### INPUT FOR THIS TASK

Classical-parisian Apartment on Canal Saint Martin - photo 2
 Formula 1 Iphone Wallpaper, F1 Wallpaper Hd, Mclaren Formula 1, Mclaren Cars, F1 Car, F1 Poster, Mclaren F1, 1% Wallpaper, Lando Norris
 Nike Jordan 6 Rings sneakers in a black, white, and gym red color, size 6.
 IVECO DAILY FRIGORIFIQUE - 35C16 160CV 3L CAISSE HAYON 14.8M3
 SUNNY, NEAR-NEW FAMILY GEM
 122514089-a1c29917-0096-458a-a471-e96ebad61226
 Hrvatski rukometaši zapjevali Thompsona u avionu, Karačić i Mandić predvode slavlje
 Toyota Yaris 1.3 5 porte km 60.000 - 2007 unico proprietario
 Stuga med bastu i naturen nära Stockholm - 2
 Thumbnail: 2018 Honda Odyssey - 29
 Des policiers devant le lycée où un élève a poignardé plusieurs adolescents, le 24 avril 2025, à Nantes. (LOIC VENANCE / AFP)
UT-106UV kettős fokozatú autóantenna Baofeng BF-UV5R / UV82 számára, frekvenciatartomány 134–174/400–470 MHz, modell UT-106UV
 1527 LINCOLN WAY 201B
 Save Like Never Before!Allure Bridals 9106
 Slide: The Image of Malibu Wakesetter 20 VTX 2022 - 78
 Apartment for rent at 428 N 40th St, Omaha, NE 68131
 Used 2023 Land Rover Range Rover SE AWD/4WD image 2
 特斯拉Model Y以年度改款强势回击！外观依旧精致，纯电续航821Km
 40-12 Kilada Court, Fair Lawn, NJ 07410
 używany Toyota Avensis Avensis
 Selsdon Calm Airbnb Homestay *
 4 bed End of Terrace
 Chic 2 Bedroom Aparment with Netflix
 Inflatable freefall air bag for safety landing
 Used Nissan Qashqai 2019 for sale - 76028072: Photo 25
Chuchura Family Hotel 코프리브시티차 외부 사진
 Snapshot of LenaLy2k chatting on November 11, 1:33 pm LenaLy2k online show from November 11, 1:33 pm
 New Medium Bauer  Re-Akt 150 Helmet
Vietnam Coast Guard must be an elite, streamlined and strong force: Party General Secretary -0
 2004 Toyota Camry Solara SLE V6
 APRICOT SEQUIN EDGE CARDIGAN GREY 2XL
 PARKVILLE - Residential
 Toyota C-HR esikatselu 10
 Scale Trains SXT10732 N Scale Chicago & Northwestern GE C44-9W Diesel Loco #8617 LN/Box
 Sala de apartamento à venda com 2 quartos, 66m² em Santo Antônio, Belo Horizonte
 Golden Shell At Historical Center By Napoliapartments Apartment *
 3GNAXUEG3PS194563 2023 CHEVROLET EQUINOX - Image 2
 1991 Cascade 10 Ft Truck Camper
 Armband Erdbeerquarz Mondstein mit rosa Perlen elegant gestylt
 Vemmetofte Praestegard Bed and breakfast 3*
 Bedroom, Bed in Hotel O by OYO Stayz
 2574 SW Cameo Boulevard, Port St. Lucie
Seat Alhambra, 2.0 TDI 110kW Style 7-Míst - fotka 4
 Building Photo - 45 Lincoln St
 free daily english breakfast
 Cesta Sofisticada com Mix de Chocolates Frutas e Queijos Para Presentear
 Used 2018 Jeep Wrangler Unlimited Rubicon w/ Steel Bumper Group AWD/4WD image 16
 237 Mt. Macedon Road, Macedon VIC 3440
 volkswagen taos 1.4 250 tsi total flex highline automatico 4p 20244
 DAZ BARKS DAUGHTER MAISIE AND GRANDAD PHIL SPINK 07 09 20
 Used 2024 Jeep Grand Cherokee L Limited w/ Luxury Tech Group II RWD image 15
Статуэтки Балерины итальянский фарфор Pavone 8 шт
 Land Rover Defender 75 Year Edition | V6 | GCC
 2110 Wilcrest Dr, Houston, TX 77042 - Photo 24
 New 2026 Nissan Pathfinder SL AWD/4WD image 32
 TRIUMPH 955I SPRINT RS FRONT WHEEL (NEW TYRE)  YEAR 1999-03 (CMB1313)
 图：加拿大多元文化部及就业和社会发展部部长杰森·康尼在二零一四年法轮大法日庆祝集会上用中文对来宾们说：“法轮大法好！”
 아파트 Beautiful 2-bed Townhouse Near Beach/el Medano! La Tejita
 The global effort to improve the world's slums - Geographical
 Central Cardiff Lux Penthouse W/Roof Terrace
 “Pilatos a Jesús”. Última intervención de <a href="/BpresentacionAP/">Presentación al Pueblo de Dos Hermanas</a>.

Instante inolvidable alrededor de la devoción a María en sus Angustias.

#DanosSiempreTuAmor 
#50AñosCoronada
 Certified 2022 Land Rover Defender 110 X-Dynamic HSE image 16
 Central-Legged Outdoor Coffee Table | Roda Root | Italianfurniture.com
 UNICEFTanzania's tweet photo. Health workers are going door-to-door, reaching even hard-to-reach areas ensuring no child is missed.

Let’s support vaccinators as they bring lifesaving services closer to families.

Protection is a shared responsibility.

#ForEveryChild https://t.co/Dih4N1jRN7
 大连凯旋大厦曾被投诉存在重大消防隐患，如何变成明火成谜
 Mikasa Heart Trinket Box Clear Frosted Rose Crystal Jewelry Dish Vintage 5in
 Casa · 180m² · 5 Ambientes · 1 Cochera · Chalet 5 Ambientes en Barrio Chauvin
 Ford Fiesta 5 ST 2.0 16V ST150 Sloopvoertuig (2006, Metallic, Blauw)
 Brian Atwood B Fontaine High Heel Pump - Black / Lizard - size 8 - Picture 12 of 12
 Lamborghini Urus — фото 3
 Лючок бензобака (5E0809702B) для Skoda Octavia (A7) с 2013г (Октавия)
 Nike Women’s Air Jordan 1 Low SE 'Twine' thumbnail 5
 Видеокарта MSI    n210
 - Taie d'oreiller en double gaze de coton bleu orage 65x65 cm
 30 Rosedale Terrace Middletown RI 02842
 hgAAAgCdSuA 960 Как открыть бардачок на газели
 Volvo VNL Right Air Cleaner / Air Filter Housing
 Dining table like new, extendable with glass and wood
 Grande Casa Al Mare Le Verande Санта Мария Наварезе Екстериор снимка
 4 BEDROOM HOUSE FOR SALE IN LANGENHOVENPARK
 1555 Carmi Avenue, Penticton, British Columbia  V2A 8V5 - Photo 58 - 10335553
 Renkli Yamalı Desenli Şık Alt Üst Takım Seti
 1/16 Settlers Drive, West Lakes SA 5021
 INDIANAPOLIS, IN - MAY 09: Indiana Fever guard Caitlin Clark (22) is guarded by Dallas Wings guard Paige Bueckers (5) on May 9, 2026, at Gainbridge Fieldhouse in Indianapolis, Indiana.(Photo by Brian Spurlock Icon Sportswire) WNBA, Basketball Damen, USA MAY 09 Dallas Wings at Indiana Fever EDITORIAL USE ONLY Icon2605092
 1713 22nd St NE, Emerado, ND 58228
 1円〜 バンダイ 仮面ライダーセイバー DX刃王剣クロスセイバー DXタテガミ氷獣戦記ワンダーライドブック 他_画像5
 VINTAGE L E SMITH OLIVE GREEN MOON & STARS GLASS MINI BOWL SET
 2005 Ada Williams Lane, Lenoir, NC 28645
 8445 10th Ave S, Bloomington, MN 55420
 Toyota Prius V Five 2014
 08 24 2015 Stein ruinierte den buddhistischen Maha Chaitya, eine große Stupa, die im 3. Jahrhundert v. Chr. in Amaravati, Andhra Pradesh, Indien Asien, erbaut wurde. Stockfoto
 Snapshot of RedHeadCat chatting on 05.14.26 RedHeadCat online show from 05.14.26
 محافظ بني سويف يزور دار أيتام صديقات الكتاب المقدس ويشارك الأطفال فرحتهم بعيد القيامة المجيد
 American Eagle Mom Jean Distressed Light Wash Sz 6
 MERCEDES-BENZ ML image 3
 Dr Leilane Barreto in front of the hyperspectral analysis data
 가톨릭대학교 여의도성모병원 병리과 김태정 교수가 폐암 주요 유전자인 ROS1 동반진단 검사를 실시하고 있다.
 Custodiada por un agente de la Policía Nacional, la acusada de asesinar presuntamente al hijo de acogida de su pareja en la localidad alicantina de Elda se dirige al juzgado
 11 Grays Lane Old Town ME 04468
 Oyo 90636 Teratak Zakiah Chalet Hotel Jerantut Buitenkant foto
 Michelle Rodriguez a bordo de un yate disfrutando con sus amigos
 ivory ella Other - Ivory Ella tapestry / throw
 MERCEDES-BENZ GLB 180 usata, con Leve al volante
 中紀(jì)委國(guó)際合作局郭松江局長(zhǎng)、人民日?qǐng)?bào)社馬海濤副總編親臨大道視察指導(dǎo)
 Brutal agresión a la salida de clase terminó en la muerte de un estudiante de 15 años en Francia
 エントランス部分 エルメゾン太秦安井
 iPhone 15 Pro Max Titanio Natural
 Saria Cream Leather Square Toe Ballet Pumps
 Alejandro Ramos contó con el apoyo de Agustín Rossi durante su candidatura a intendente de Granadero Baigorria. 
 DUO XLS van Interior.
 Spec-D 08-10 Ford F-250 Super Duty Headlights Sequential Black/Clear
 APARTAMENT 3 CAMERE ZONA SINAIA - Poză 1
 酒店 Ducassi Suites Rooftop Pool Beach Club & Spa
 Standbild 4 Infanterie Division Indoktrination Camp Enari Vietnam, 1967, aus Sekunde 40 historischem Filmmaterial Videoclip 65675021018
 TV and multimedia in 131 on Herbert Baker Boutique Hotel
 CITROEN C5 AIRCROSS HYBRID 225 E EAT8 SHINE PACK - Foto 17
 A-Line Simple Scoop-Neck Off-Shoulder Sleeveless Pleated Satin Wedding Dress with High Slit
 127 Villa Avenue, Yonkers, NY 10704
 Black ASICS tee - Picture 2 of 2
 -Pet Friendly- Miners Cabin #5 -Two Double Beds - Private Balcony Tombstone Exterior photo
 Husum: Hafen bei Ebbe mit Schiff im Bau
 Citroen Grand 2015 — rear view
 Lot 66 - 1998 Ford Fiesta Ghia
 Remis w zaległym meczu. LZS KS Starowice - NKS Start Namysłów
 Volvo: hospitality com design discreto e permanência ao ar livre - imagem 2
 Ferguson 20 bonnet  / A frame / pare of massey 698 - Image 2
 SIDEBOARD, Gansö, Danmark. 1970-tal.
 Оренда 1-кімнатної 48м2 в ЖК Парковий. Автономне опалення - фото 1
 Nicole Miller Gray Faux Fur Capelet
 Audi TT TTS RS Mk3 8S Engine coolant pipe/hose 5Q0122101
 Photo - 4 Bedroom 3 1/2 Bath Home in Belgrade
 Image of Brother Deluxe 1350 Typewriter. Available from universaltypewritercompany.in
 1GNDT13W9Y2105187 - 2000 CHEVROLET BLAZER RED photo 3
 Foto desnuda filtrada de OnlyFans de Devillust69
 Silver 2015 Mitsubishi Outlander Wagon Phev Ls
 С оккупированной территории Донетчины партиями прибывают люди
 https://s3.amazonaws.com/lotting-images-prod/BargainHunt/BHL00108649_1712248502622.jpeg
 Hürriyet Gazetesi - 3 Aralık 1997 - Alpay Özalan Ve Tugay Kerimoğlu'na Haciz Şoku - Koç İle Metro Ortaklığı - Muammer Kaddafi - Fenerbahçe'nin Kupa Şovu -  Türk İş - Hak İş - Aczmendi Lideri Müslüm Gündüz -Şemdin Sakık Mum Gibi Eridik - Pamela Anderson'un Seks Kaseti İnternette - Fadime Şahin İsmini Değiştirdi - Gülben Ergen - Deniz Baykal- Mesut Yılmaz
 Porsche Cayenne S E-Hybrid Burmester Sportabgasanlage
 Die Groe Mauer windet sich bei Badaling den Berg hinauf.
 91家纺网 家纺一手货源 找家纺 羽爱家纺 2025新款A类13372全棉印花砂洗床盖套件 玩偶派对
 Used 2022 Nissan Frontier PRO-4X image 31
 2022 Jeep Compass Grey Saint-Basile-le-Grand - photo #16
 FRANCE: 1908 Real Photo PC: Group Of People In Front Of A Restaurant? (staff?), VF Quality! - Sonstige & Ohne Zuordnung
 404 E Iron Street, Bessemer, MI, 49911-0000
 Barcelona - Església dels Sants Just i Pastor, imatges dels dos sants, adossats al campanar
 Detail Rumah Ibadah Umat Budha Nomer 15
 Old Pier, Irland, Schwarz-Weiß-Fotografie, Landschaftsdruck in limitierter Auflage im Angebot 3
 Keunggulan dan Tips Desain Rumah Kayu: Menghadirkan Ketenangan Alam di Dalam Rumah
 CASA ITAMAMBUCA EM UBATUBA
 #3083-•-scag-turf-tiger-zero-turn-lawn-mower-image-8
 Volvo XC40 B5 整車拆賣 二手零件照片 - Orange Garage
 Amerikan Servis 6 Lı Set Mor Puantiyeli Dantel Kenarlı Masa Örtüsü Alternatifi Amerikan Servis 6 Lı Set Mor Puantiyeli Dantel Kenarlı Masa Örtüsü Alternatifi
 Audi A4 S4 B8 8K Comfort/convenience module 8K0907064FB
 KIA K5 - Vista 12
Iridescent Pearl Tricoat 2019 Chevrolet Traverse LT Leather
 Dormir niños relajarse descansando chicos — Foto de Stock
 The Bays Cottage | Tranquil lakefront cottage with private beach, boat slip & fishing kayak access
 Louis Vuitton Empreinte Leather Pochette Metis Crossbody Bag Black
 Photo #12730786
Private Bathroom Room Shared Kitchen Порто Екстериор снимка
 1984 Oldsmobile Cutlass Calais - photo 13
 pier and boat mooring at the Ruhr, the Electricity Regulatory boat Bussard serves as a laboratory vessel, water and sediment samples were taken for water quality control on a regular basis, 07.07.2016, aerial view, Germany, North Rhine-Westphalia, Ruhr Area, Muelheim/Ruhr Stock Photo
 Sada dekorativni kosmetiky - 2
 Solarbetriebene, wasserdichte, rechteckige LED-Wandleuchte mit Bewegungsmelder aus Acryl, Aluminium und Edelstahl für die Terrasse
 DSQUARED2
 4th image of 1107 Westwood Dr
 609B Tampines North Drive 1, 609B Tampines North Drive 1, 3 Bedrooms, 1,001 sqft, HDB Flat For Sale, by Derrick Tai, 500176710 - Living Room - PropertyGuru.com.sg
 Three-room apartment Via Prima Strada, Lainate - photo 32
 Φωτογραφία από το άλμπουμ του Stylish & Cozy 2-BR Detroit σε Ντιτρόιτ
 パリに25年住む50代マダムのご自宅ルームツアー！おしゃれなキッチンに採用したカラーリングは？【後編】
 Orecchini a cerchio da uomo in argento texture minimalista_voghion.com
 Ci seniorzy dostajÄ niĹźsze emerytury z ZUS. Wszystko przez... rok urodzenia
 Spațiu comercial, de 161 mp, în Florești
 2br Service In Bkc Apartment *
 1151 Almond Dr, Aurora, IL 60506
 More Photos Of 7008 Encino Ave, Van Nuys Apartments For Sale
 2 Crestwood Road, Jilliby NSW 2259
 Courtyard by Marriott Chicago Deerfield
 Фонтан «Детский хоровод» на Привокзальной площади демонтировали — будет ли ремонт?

### EXERCISE INSTRUCTIONS
Whatever else the listing above holds, retype exactly only the lines from the one containing "Save Like Never Before!Allure Bridals 9106" to the one containing "237 Mt. Macedon Road, Macedon VIC 3440", both ends kept.

### ANSWER TO THIS EXERCISE
 Save Like Never Before!Allure Bridals 9106
 Slide: The Image of Malibu Wakesetter 20 VTX 2022 - 78
 Apartment for rent at 428 N 40th St, Omaha, NE 68131
 Used 2023 Land Rover Range Rover SE AWD/4WD image 2
 特斯拉Model Y以年度改款强势回击！外观依旧精致，纯电续航821Km
 40-12 Kilada Court, Fair Lawn, NJ 07410
 używany Toyota Avensis Avensis
 Selsdon Calm Airbnb Homestay *
 4 bed End of Terrace
 Chic 2 Bedroom Aparment with Netflix
 Inflatable freefall air bag for safety landing
 Used Nissan Qashqai 2019 for sale - 76028072: Photo 25
Chuchura Family Hotel 코프리브시티차 외부 사진
 Snapshot of LenaLy2k chatting on November 11, 1:33 pm LenaLy2k online show from November 11, 1:33 pm
 New Medium Bauer  Re-Akt 150 Helmet
Vietnam Coast Guard must be an elite, streamlined and strong force: Party General Secretary -0
 2004 Toyota Camry Solara SLE V6
 APRICOT SEQUIN EDGE CARDIGAN GREY 2XL
 PARKVILLE - Residential
 Toyota C-HR esikatselu 10
 Scale Trains SXT10732 N Scale Chicago & Northwestern GE C44-9W Diesel Loco #8617 LN/Box
 Sala de apartamento à venda com 2 quartos, 66m² em Santo Antônio, Belo Horizonte
 Golden Shell At Historical Center By Napoliapartments Apartment *
 3GNAXUEG3PS194563 2023 CHEVROLET EQUINOX - Image 2
 1991 Cascade 10 Ft Truck Camper
 Armband Erdbeerquarz Mondstein mit rosa Perlen elegant gestylt
 Vemmetofte Praestegard Bed and breakfast 3*
 Bedroom, Bed in Hotel O by OYO Stayz
 2574 SW Cameo Boulevard, Port St. Lucie
Seat Alhambra, 2.0 TDI 110kW Style 7-Míst - fotka 4
 Building Photo - 45 Lincoln St
 free daily english breakfast
 Cesta Sofisticada com Mix de Chocolates Frutas e Queijos Para Presentear
 Used 2018 Jeep Wrangler Unlimited Rubicon w/ Steel Bumper Group AWD/4WD image 16
 237 Mt. Macedon Road, Macedon VIC 3440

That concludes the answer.